Oklahoma State University Athletics
Barry Blog - Game 5: Nebraska
October 31, 2008 | Cowboy Football
Game 5: Nebraska Cornhuskers
Oct 15, 1988 - Written by Robert Allen
Radio Host, Sportswriter, Cowboy Sports Radio Network
Robert Allen currently serves as a radio personality, sportswriter and member of the Cowboy Sports Radio Network. In 1988, he was an Oklahoma City television personality. He is also a former Cowboy football player.
I spent 1988 covering the greatest running back in the history of the game of football -- viewing all of Barry Sanders' acrobatic gridiron exploits through a small viewfinder on a Ikegami video camera. That was fine with me because Sanders was so good that shooting highlights of his runs made me think I was ready for NFL Films.

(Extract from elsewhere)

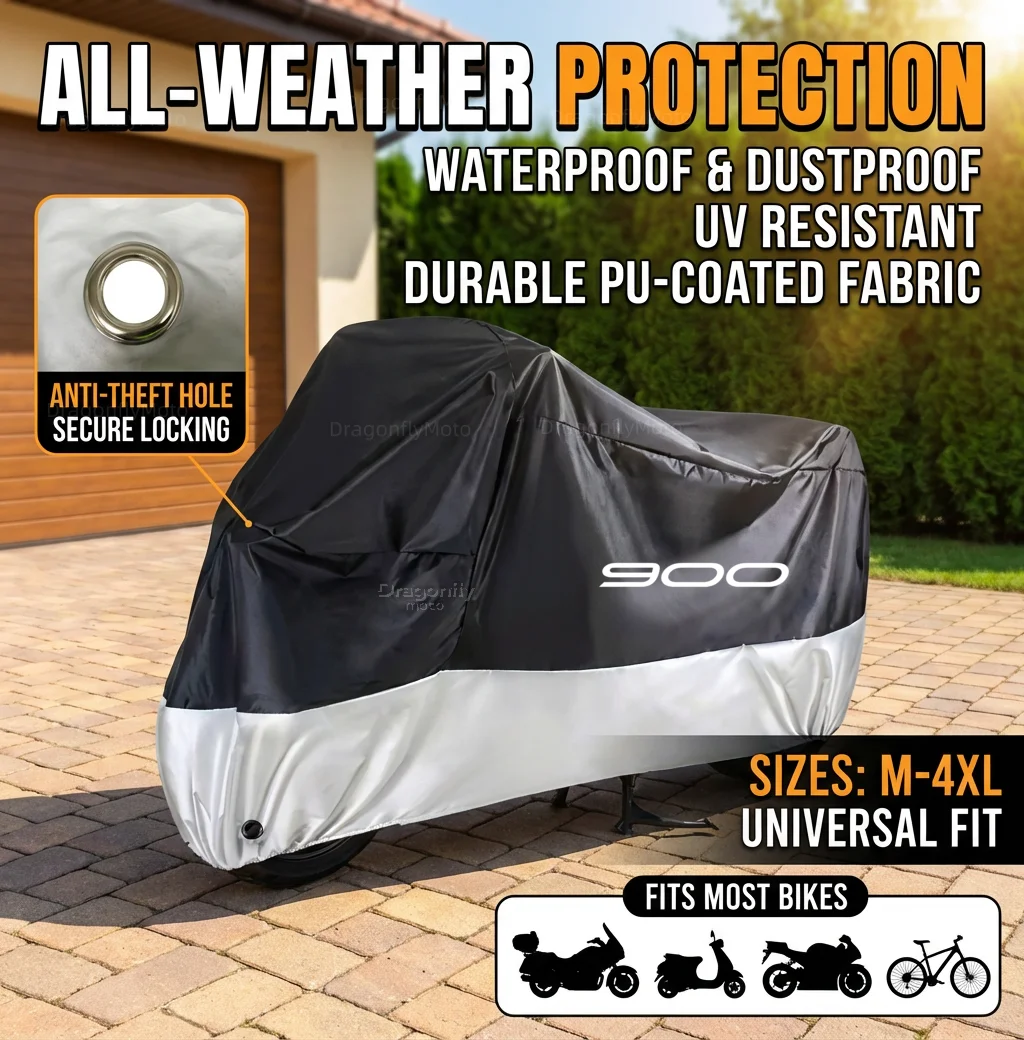 

Всесезонный чехол для мотоцикла KAWASAKI Z900 Z 900 2017-2026 (2025, 2024, 2023) серебристо-черный, водонепроницаемый, пылезащитный, с защитой от УФ-излучения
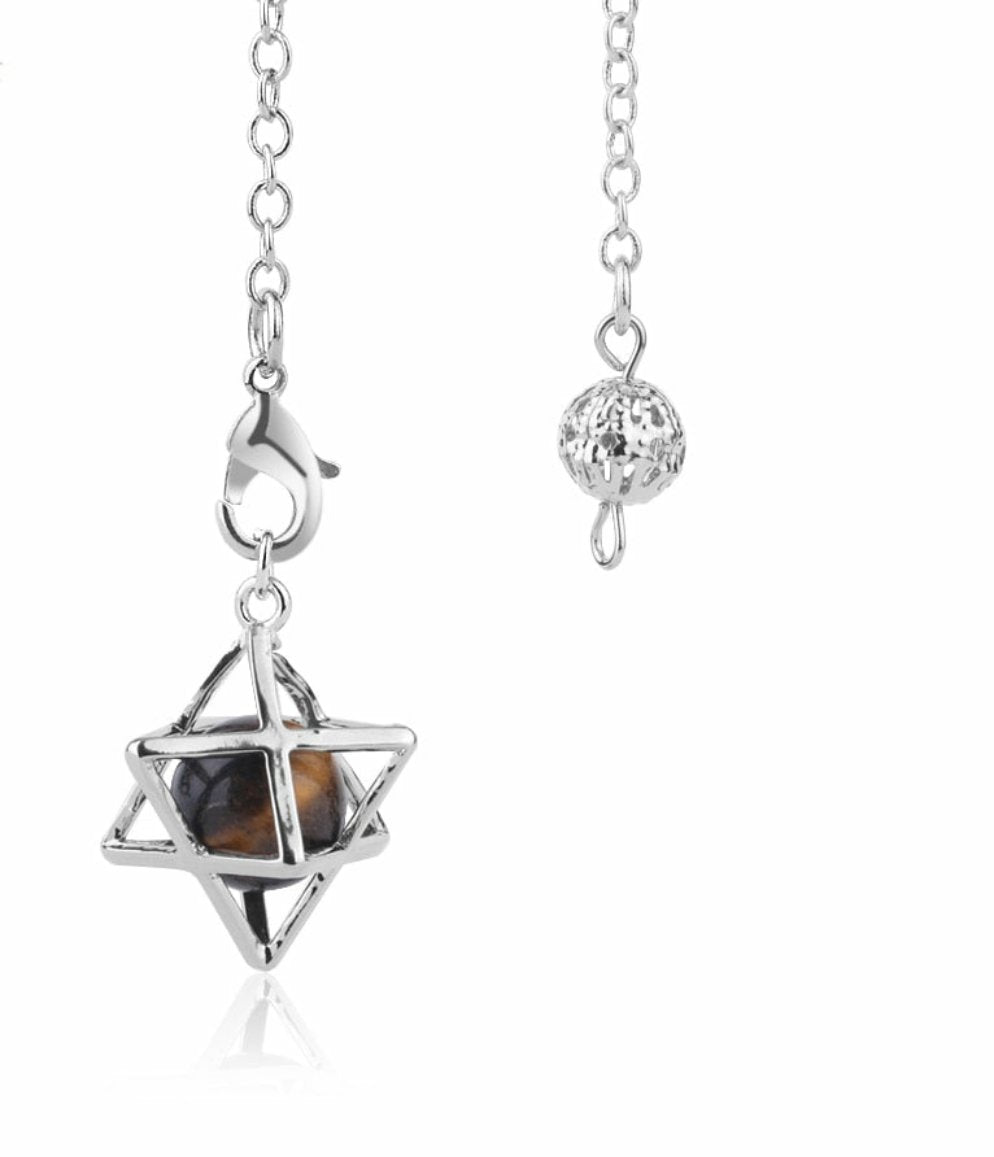 Natural Stone Merkaba Pendulums for Wicca, Dowsing, Divination,And Reiki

One of us was more than ready for the National Football League, but it wasn't me.
Barry Sanders was Superman in Puma cleats, a helmet, and a 21 jersey. In the first four games of the season he had proven to those of us covering the 1988 Cowboys that all things were possible when he was on the field. That is why Oklahoma State faithful were convinced that the longest drought against any one team on the Cowboy schedule was about to end. On October 15, when the 10th ranked Oklahoma State squad traveled to Lincoln to face seventh-ranked Nebraska, the firm belief was that OSU was going to beat the Huskers for the first time since 1961.
Back in those days we would fly a chartered prop engine plane to cover the Oklahoma State road games. It would usually be Bob Barry, Sr., myself, and Van Shea Iven on the flights. Barry Sr. was then the voice of the Cowboys and Iven was to later become a reporter at Channel 4 and now hosts a statewide show spotlighting high school sports in Oklahoma.
By the time the three of us flew to Lincoln for the showdown with the Cornhuskers, the Cowboys were 4-0 and Sanders had rushed for 813 yards. With Gundy and Dykes along with the “War Pigs” offensive line, even with an average to slightly below average defense, Van Shea and I were convinced we were about to witness the break in the 28-year draught.
The early afternoon kickoff came under gray skies and surprisingly, even with TV restrictions having been taken away from the NCAA allowing for more games on television, this one wasn't.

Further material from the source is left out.